Scritto da 9:54 pm Siena, Attualità, Cronaca

Un passo silenzioso nella governance: Annalisa Santucci vicepresidente del Biotecnopolo di Siena

Siena (giovedì, 18 dicembre 2025) — Al Biotecnopolo di Siena si aggiunge un tassello che non fa clamore, ma pesa. Il Consiglio di amministrazione della Fondazione ha scelto Annalisa Santucci come vicepresidente, inserendo una figura di solida esperienza scientifica in una fase in cui le parole chiave non sono più avvio e promessa, ma consolidamento e responsabilità.

di Valeria Russo

Il Biotecnopolo sta attraversando un momento delicato e decisivo insieme. Le linee di ricerca prendono forma, le collaborazioni si allargano oltre i confini nazionali, il ruolo nel campo della prevenzione e della sicurezza sanitaria si fa via via più riconoscibile nel panorama italiano ed europeo. In questo scenario, la governance diventa un esercizio di equilibrio: tenere insieme visione, rigore scientifico e capacità di costruire relazioni durature.

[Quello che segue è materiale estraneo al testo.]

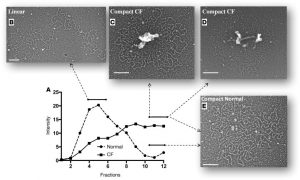 Transmission electron micrographs of mucin conformation reveal a defective MUC5B unpacking process in CF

La nomina di Santucci va letta proprio in questa direzione. Una scelta che rafforza l’architettura della Fondazione e ne accompagna la crescita senza strappi, affidandosi a una competenza maturata nel tempo e a una conoscenza profonda dei meccanismi della ricerca e della formazione. Il presidente Marco Montorsi ha indicato con chiarezza il senso del percorso intrapreso: far crescere il Biotecnopolo con serietà, evitando scorciatoie, e trasformarlo in un punto di riferimento stabile, credibile, capace di parlare al mondo scientifico internazionale senza perdere radicamento.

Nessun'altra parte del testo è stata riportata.